In truth, unemployment benefit extensions do both—they raise the jobless rate a bit, and they make the economy grow faster. What’s clear is that extending jobless benefits makes more sense when the unemployment rate is exceptionally high, as it is now, at 9.8 percent in November… Because aid to the jobless is almost immediately spent (as opposed to tax refunds for the wealthy), it is the most effective means of stimulating demand.

Coy’s “bottom line” is clear: “Although the Obama-GOP tax deal extends unemployment benefits, it probably will not dissuade many jobless from seeking work.”

This all adds up to something reasonably clear. Unemployment insurance isn’t only just from a fairness perspective, it’s also extremely effective as stimulus. Any effect whereby it encourages people to stay unemployed is, in comparison, modest.

Which is why it’s very odd to find Kelly Evans, in the WSJ, writing the exact opposite.

More jobless benefits, more unemployment.

A likely rise in the U.S. jobless rate is the unfortunate reality of the government’s move to fund extended unemployment benefits for another 13 months.

The effect probably won’t be huge, but it will be significant. And it may well hamper any recovery in investor and business confidence.

Evans isn’t very good at math*:

Individuals not actively searching for work or willing to take available jobs may claim they are unemployed in order to receive benefits. That could artificially boost the size of the labor force, which is used to determine the unemployment rate.

Well yes, the labor force is indeed used to determine the unemployment rate, but it’s the denominator in that calculation. If the denominator goes up, the rate goes down. The problem is rather that in any ratio less than 100%, if you increase the numerator and the denominator by the same amount, then the ratio goes up.

Evans concludes:

Policy makers are hoping that extending benefits—along with other tax breaks—will generate enough short-term strength in spending and growth to overshadow any rise in the unemployment rate.

That may prove wishful thinking. The late rapper Notorious B.I.G. probably put it best: “mo’ money, mo’ problems.”

Evans’s piece elicited a smart smackdown from Zack Roth, who actually went to the trouble of phoning up the SF Fed’s Rob Valletta:

“These separate effects act in opposition to one another,” said Valletta. So the question becomes: Which effect is greater, in our current situation?

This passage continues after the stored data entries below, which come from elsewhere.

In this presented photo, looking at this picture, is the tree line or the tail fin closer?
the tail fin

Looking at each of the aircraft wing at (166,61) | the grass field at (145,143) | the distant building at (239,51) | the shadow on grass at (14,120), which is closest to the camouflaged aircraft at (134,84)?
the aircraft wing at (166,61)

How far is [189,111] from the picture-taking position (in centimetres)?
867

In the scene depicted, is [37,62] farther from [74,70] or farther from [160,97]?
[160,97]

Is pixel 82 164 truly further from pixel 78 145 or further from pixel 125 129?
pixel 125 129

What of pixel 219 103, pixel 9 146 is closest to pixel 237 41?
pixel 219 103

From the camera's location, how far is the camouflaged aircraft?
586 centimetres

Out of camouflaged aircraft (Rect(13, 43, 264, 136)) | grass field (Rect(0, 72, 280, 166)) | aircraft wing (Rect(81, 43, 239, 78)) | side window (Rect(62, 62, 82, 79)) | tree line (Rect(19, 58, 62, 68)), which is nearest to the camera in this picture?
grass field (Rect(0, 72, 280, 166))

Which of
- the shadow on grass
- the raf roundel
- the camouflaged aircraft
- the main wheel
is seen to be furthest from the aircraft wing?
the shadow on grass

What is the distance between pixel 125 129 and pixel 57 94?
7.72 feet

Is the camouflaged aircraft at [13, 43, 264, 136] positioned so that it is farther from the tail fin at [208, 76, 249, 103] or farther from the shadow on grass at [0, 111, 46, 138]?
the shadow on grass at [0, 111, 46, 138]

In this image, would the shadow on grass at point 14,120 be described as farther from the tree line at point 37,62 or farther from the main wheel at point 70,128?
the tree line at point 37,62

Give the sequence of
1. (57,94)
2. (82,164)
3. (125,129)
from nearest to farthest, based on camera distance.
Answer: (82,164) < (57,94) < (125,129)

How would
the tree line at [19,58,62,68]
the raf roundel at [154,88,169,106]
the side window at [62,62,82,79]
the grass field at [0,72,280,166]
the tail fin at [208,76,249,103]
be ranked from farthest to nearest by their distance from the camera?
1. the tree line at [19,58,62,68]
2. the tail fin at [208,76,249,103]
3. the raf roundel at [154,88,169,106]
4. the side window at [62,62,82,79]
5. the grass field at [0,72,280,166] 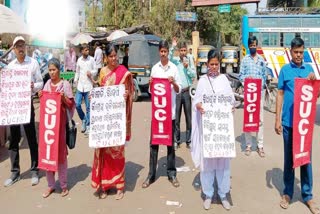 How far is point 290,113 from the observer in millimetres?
4086

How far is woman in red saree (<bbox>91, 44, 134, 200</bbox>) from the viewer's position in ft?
14.5

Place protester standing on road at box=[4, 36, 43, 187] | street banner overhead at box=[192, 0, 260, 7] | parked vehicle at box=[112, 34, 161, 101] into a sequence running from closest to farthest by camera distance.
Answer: protester standing on road at box=[4, 36, 43, 187] < parked vehicle at box=[112, 34, 161, 101] < street banner overhead at box=[192, 0, 260, 7]

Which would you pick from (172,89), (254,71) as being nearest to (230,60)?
(254,71)

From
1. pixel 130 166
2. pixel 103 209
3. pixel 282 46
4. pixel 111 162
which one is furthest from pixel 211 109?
pixel 282 46

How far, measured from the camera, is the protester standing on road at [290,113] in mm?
4031

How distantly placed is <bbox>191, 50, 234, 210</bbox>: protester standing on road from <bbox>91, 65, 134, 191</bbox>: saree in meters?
0.85

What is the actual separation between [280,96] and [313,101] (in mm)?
366

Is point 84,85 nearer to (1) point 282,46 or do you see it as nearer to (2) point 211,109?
(2) point 211,109

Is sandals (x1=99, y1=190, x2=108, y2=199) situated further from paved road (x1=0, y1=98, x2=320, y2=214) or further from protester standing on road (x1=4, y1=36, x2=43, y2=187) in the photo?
protester standing on road (x1=4, y1=36, x2=43, y2=187)

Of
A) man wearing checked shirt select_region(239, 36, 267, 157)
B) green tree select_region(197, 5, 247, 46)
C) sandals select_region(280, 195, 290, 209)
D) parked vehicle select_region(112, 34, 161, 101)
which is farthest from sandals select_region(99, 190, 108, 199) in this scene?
green tree select_region(197, 5, 247, 46)

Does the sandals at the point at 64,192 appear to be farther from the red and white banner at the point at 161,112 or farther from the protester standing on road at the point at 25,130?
the red and white banner at the point at 161,112

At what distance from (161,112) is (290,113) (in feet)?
5.20

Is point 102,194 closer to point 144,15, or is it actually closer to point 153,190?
point 153,190

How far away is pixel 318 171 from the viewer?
5.44 meters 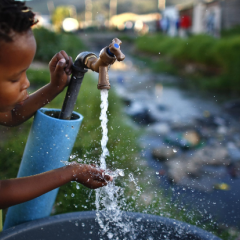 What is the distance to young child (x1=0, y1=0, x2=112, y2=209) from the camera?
0.93 metres

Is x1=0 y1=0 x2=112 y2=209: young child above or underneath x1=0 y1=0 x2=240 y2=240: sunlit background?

On this, Valletta was clear. In the current weak labor market, he said, the micro effect is relatively small. “I think the macro economic effects, in terms of reducing the unemployment rate, outweigh the micro effects that increase the unemployment rate,” he said.

This makes perfect intuitive sense, since the macro effects right now are huge, on the order of $60 billion being spent, and 600,000 extra jobs created. It really doesn’t seem plausible, in this economy, that more than 600,000 people will stay out of work and live on their unemployment checks rather than accept a job they would have taken in the absence of those checks; neither does it seem plausible that injecting $60 billion into the economy would send the unemployment rate up.

After Roth’s piece appeared, Evans responded, saying that “we’re all making the same point re: jobless benefits.” (It’s fantastic, by the way, that she’s happy and willing to join the public debate over her stories.) Roth was not convinced, replying that “your point was jobless benefits boost unemployment. everyone else’s is that they cut unemployment. seem like different points.” And so Evans clarified, here and here:

The disagreement is over net effect; will extending UI do enough for growth to overcome the rise in unemployment?

I’m not that optimistic about growth. Extending UI helps growth; but enough to overcome upward pressure on UR?

This misses the point: extending UI would be a good idea even — especially — if growth were sluggish. It’s when the economy isn’t growing that you need to apply stimulus, if only to prevent it backsliding into a double-dip recession. Growth doesn’t need to be high in order for UI to create employment; it just needs to be higher than it would have been absent the extra benefits. If you’re “not that optimistic about growth”, that’s all the more reason to want the fiscal stimulus of extending UI.

Evans might be right that the US unemployment rate is going to rise rather than fall. But if the unemployment rate does rise, the reasons for that rise will be found in the macroeconomy as a whole. Blaming any such rise on the extension of unemployment insurance will be silly.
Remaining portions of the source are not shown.